That day's experience of fighting — and then turning and running from — the fast-growing blaze is one Davies would rather not relive, but the wildland firefighting training he and his crews undergo helped them keep their cool in a situation where those less savvy would likely have panicked.

"We live in the urban-wildland interface, so we have to be prepared for structure and wildland," said Bill Fuller, fire chief at Evans Valley Fire District No. 6 in Wimer. "There is a good chance, especially this time of year, that you're going to have a grass fire if you have a structure fire."

In addition to their structure-fire training, all of the District No. 6 and Greensprings Rural firefighters — most of whom are volunteers — are formally certified as Type 2 firefighters and trained to fight wildland fires.

The same goes for all of the firefighters at Rogue River Fire District No. 1, said Capt. Mike Hammond.

"That is the basic requirement for us, and then as people are here and become more senior, they get additional credentials after that," he said. "We have to redo annually wildland refresher training ... but we practice our wildland firefighting techniques regularly."

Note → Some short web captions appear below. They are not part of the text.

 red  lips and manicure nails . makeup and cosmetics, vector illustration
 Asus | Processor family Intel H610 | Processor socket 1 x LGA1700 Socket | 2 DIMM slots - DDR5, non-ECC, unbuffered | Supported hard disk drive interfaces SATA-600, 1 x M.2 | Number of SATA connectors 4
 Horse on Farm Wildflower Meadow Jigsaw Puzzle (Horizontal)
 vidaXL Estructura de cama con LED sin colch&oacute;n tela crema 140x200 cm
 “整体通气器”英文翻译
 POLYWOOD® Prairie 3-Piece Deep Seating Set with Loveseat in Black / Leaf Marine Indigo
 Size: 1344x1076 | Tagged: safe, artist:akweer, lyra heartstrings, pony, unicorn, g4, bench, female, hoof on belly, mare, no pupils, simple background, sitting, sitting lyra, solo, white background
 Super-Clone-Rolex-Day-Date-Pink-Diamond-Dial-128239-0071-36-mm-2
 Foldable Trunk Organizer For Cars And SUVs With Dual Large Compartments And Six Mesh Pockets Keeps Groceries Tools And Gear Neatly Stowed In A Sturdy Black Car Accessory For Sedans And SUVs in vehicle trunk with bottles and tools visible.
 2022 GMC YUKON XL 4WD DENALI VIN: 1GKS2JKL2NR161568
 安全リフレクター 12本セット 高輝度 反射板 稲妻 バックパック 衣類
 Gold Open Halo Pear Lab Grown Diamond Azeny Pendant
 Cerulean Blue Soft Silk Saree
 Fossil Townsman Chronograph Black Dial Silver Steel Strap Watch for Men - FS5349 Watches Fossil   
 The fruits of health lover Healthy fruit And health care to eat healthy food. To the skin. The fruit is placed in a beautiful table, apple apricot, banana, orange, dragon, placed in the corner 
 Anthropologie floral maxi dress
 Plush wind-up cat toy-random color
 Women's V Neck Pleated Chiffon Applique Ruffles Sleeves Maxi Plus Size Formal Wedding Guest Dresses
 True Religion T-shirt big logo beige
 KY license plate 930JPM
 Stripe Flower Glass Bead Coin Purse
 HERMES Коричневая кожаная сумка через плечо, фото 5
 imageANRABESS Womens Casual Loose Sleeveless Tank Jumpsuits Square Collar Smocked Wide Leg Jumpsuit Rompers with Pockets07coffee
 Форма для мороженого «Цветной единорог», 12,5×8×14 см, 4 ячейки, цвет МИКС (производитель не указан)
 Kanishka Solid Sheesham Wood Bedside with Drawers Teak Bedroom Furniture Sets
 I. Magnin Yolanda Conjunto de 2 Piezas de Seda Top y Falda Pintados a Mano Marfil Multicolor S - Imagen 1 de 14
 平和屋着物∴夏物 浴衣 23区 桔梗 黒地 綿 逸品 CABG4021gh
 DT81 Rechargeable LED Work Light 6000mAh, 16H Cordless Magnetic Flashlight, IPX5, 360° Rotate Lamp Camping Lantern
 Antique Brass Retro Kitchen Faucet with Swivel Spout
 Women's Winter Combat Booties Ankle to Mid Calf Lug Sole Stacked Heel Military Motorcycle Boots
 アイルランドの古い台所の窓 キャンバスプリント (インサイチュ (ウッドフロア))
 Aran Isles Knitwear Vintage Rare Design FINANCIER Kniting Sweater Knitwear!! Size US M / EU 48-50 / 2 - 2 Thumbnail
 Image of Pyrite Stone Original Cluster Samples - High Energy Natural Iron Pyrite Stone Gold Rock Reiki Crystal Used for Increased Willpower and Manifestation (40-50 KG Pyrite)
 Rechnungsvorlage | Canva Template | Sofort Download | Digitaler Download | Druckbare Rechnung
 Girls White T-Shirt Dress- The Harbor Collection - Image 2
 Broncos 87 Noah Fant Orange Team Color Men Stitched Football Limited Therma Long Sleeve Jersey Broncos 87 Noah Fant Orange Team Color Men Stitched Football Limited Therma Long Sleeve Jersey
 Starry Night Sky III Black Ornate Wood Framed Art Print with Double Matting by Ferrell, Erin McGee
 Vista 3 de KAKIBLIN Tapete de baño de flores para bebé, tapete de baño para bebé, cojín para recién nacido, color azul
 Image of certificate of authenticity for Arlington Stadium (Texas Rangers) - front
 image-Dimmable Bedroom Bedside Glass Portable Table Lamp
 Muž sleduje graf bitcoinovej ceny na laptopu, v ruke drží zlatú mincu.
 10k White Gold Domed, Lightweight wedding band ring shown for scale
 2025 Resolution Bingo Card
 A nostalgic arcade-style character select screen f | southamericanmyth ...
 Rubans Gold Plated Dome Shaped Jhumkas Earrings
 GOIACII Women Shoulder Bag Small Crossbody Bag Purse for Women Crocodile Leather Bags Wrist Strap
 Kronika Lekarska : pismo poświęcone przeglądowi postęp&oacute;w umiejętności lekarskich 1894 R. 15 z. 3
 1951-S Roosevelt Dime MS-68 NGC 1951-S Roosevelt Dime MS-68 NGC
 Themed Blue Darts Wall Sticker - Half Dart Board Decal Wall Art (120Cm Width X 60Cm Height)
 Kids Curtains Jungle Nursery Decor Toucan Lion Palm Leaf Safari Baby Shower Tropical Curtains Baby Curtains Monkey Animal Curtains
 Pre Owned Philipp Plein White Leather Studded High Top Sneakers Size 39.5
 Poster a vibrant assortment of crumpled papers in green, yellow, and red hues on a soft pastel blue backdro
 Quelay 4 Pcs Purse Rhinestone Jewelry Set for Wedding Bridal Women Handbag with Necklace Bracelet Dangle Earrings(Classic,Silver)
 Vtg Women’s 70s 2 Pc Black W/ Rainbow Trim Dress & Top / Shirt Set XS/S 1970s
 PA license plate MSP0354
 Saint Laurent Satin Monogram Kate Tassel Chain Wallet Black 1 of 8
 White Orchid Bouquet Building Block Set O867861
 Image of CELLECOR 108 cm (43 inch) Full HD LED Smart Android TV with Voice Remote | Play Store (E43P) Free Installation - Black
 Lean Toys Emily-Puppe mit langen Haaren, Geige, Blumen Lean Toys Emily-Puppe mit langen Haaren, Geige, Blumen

The crews practice progressive hose lays, mobile attacks and deployment of fire shelters, Hammond said, and they make sure their wildland firefighting gear — which is much lighter than the structure-fire gear — is tidy and ready to throw on when the call comes.

"We have had a number of grass fires this year. Fortunately, we have gotten on them quickly while they were still small," he said. "If the fire becomes large enough, we tend to focus on structure protection and (Oregon Department of Forestry) tends to focus on wildland."

From a wildland firefighter's standpoint, having rural fire departments spread out across the county pays off big time when their personnel can respond to a fire quickly and douse the flames before it begins to spread, said Brian Ballou, fire prevention specialist with ODF.

"Most of the structural fire departments in both Jackson and Josephine counties have one or more dedicated engines for fighting wildfires," Ballou said. "Classically, they prefer that we fight the wildfire and they take care of the structures, but we don't get mad at them when they put out a wildfire before we show up."

Most of the rural fire departments and ODF conduct a training session together before each fire season, Ballou said, to make sure everyone is on the same page for when a fire like Oregon Gulch takes off.

This time of year, ODF responds to everything the rural departments are called to fight. That type of interagency collaboration paid off in spades for Davies and his crew members on July 31.

Had ODF not alerted him and his crew that a wall of flames was heading straight at them that day, Davies thinks he might not be here to tell the story.

"It's really an extraordinary process," he said. "And it works."